Dataset excerpts:

..........

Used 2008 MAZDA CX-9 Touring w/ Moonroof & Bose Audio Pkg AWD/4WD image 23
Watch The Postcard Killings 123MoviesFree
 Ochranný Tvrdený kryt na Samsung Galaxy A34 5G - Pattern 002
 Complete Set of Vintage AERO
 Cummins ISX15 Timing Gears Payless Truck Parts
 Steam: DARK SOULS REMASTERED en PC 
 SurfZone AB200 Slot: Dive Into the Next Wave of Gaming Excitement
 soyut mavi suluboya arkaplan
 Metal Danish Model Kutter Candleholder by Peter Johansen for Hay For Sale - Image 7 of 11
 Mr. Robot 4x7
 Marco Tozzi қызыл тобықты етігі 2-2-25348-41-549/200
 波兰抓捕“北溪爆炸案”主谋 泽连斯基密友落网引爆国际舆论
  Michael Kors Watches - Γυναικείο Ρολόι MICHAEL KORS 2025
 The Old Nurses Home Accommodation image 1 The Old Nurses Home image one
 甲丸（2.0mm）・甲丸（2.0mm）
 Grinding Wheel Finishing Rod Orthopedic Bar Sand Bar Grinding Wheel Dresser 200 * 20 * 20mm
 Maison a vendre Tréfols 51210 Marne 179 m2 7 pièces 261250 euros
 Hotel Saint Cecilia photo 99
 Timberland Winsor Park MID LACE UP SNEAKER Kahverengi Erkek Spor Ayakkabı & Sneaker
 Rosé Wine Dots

..........

What is expected:
Send back, unchanged, every line of the records from the one with "Timberland Winsor Park" through the last.

Answer to the problem:
 Timberland Winsor Park MID LACE UP SNEAKER Kahverengi Erkek Spor Ayakkabı & Sneaker
 Rosé Wine Dots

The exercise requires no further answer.